◆ **PROBLEM STATEMENT**
Retyping each entry exactly is the whole task.

◆ **EXTRACTED INFORMATION**
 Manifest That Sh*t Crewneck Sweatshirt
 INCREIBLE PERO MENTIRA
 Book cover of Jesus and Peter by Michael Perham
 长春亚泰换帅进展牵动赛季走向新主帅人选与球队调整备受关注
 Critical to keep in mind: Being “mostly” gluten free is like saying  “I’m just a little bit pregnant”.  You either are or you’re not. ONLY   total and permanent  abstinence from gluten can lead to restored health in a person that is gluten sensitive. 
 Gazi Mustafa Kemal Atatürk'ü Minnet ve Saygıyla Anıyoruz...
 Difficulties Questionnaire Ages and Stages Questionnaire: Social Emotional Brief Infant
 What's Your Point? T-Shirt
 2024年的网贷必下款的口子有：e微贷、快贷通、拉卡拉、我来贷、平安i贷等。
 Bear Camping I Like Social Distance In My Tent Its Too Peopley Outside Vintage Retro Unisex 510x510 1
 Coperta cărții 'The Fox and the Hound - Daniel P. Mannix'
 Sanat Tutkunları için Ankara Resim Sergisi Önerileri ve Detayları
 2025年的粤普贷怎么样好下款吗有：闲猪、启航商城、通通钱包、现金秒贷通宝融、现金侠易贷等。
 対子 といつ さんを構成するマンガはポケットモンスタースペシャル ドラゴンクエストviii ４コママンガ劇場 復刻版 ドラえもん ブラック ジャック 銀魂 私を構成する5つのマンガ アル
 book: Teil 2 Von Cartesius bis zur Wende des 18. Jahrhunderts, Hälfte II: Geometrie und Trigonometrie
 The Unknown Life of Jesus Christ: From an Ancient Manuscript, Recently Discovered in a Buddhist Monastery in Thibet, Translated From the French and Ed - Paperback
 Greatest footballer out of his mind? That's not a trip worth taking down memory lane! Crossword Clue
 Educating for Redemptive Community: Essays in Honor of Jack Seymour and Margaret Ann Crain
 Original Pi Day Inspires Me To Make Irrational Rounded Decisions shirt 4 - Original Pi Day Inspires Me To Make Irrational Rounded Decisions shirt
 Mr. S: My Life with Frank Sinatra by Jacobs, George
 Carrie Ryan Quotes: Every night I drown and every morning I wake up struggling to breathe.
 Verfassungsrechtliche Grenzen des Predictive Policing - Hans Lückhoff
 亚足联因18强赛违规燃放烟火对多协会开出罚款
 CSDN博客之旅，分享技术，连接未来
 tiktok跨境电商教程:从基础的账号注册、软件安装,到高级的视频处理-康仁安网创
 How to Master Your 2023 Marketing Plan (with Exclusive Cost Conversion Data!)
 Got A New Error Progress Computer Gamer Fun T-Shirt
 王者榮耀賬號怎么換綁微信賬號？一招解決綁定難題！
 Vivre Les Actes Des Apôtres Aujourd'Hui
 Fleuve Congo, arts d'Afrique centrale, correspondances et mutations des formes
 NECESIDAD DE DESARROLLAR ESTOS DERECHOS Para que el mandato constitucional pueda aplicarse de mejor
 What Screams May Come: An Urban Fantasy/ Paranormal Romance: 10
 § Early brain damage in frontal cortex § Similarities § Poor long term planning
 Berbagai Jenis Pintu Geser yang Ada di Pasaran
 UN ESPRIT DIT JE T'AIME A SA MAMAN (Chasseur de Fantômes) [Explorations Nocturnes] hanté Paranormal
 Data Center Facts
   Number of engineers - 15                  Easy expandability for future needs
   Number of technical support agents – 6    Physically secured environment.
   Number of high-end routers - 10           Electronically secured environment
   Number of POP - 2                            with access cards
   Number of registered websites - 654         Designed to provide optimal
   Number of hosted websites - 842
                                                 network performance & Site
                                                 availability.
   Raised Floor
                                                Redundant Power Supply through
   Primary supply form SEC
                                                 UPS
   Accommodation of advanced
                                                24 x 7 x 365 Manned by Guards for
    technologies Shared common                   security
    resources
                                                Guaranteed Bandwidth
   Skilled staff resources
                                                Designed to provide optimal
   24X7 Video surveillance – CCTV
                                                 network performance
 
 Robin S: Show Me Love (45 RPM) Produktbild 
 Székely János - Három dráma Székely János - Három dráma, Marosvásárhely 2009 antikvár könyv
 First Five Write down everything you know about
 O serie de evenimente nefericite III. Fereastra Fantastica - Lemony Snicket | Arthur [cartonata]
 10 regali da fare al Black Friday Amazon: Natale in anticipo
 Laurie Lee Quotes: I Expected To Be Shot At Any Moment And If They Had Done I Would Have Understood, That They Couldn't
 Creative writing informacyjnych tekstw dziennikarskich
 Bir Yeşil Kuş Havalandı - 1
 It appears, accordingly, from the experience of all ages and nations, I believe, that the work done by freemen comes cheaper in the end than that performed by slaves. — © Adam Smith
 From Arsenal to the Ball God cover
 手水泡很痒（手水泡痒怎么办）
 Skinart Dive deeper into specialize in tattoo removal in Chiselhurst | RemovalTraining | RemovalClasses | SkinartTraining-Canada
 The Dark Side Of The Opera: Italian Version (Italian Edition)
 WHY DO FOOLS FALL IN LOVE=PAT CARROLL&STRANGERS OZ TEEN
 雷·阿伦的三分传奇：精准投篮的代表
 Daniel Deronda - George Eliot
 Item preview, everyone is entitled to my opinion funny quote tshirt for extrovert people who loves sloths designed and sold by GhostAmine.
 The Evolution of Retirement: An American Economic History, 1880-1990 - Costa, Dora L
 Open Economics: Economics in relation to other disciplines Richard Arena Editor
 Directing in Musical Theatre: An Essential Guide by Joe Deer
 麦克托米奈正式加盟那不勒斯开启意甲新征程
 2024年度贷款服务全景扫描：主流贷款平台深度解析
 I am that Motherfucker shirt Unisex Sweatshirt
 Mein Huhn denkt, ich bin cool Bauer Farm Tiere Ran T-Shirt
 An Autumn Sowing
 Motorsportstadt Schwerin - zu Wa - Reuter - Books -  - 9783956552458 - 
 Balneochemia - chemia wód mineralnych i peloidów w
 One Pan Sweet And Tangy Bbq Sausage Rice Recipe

◆ **WORKED SOLUTION**
 Manifest That Sh*t Crewneck Sweatshirt
 INCREIBLE PERO MENTIRA
 Book cover of Jesus and Peter by Michael Perham
 长春亚泰换帅进展牵动赛季走向新主帅人选与球队调整备受关注
 Critical to keep in mind: Being “mostly” gluten free is like saying  “I’m just a little bit pregnant”.  You either are or you’re not. ONLY   total and permanent  abstinence from gluten can lead to restored health in a person that is gluten sensitive. 
 Gazi Mustafa Kemal Atatürk'ü Minnet ve Saygıyla Anıyoruz...
 Difficulties Questionnaire Ages and Stages Questionnaire: Social Emotional Brief Infant
 What's Your Point? T-Shirt
 2024年的网贷必下款的口子有：e微贷、快贷通、拉卡拉、我来贷、平安i贷等。
 Bear Camping I Like Social Distance In My Tent Its Too Peopley Outside Vintage Retro Unisex 510x510 1
 Coperta cărții 'The Fox and the Hound - Daniel P. Mannix'
 Sanat Tutkunları için Ankara Resim Sergisi Önerileri ve Detayları
 2025年的粤普贷怎么样好下款吗有：闲猪、启航商城、通通钱包、现金秒贷通宝融、现金侠易贷等。
 対子 といつ さんを構成するマンガはポケットモンスタースペシャル ドラゴンクエストviii ４コママンガ劇場 復刻版 ドラえもん ブラック ジャック 銀魂 私を構成する5つのマンガ アル
 book: Teil 2 Von Cartesius bis zur Wende des 18. Jahrhunderts, Hälfte II: Geometrie und Trigonometrie
 The Unknown Life of Jesus Christ: From an Ancient Manuscript, Recently Discovered in a Buddhist Monastery in Thibet, Translated From the French and Ed - Paperback
 Greatest footballer out of his mind? That's not a trip worth taking down memory lane! Crossword Clue
 Educating for Redemptive Community: Essays in Honor of Jack Seymour and Margaret Ann Crain
 Original Pi Day Inspires Me To Make Irrational Rounded Decisions shirt 4 - Original Pi Day Inspires Me To Make Irrational Rounded Decisions shirt
 Mr. S: My Life with Frank Sinatra by Jacobs, George
 Carrie Ryan Quotes: Every night I drown and every morning I wake up struggling to breathe.
 Verfassungsrechtliche Grenzen des Predictive Policing - Hans Lückhoff
 亚足联因18强赛违规燃放烟火对多协会开出罚款
 CSDN博客之旅，分享技术，连接未来
 tiktok跨境电商教程:从基础的账号注册、软件安装,到高级的视频处理-康仁安网创
 How to Master Your 2023 Marketing Plan (with Exclusive Cost Conversion Data!)
 Got A New Error Progress Computer Gamer Fun T-Shirt
 王者榮耀賬號怎么換綁微信賬號？一招解決綁定難題！
 Vivre Les Actes Des Apôtres Aujourd'Hui
 Fleuve Congo, arts d'Afrique centrale, correspondances et mutations des formes
 NECESIDAD DE DESARROLLAR ESTOS DERECHOS Para que el mandato constitucional pueda aplicarse de mejor
 What Screams May Come: An Urban Fantasy/ Paranormal Romance: 10
 § Early brain damage in frontal cortex § Similarities § Poor long term planning
 Berbagai Jenis Pintu Geser yang Ada di Pasaran
 UN ESPRIT DIT JE T'AIME A SA MAMAN (Chasseur de Fantômes) [Explorations Nocturnes] hanté Paranormal
 Data Center Facts
   Number of engineers - 15                  Easy expandability for future needs
   Number of technical support agents – 6    Physically secured environment.
   Number of high-end routers - 10           Electronically secured environment
   Number of POP - 2                            with access cards
   Number of registered websites - 654         Designed to provide optimal
   Number of hosted websites - 842
                                                 network performance & Site
                                                 availability.
   Raised Floor
                                                Redundant Power Supply through
   Primary supply form SEC
                                                 UPS
   Accommodation of advanced
                                                24 x 7 x 365 Manned by Guards for
    technologies Shared common                   security
    resources
                                                Guaranteed Bandwidth
   Skilled staff resources
                                                Designed to provide optimal
   24X7 Video surveillance – CCTV
                                                 network performance
 
 Robin S: Show Me Love (45 RPM) Produktbild 
 Székely János - Három dráma Székely János - Három dráma, Marosvásárhely 2009 antikvár könyv
 First Five Write down everything you know about
 O serie de evenimente nefericite III. Fereastra Fantastica - Lemony Snicket | Arthur [cartonata]
 10 regali da fare al Black Friday Amazon: Natale in anticipo
 Laurie Lee Quotes: I Expected To Be Shot At Any Moment And If They Had Done I Would Have Understood, That They Couldn't
 Creative writing informacyjnych tekstw dziennikarskich
 Bir Yeşil Kuş Havalandı - 1
 It appears, accordingly, from the experience of all ages and nations, I believe, that the work done by freemen comes cheaper in the end than that performed by slaves. — © Adam Smith
 From Arsenal to the Ball God cover
 手水泡很痒（手水泡痒怎么办）
 Skinart Dive deeper into specialize in tattoo removal in Chiselhurst | RemovalTraining | RemovalClasses | SkinartTraining-Canada
 The Dark Side Of The Opera: Italian Version (Italian Edition)
 WHY DO FOOLS FALL IN LOVE=PAT CARROLL&STRANGERS OZ TEEN
 雷·阿伦的三分传奇：精准投篮的代表
 Daniel Deronda - George Eliot
 Item preview, everyone is entitled to my opinion funny quote tshirt for extrovert people who loves sloths designed and sold by GhostAmine.
 The Evolution of Retirement: An American Economic History, 1880-1990 - Costa, Dora L
 Open Economics: Economics in relation to other disciplines Richard Arena Editor
 Directing in Musical Theatre: An Essential Guide by Joe Deer
 麦克托米奈正式加盟那不勒斯开启意甲新征程
 2024年度贷款服务全景扫描：主流贷款平台深度解析
 I am that Motherfucker shirt Unisex Sweatshirt
 Mein Huhn denkt, ich bin cool Bauer Farm Tiere Ran T-Shirt
 An Autumn Sowing
 Motorsportstadt Schwerin - zu Wa - Reuter - Books -  - 9783956552458 - 
 Balneochemia - chemia wód mineralnych i peloidów w
 One Pan Sweet And Tangy Bbq Sausage Rice Recipe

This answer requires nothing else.